We introduce a benchmark to evaluate the alignment between humans and image models on 3D shape understanding: Multiview Object Consistency in Humans and Image models (MOCHI)
This repo contains all code and data used to evaluate models on MOCHI, compare model to human behavior, and visualize results.

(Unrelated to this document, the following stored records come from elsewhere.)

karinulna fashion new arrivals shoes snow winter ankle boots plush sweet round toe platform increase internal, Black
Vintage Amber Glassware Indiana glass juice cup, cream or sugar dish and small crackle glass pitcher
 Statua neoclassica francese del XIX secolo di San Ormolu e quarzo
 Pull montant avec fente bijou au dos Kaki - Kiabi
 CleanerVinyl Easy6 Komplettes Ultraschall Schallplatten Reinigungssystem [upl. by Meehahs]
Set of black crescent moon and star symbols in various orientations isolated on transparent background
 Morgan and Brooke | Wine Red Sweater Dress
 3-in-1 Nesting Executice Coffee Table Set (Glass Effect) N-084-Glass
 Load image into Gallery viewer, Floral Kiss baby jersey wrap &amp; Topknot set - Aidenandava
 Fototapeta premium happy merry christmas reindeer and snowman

scripts/model_evaluation.ipynb
: notebook that can be used to evaluate DINOv2, CLIP, and MAE modelsscripts/results.ipynb
: notebook that can be used to compare model and human data + visualize resultsscripts/scripts/results.ipynb
: example script to analyze data and visualize a single trial
The model and human results generated and used by the scripts above are in assets/benchmark.csv
.
The images in MOCHI can be downloaded as a huggingface dataset which can be accessed in a few lines of code.
First, download relevant libraries
pip install datasets huggingface_hub
then download MOCHI
from datasets import load_dataset
# download huggingface dataset
benchmark = load_dataset("tzler/MOCHI")['train']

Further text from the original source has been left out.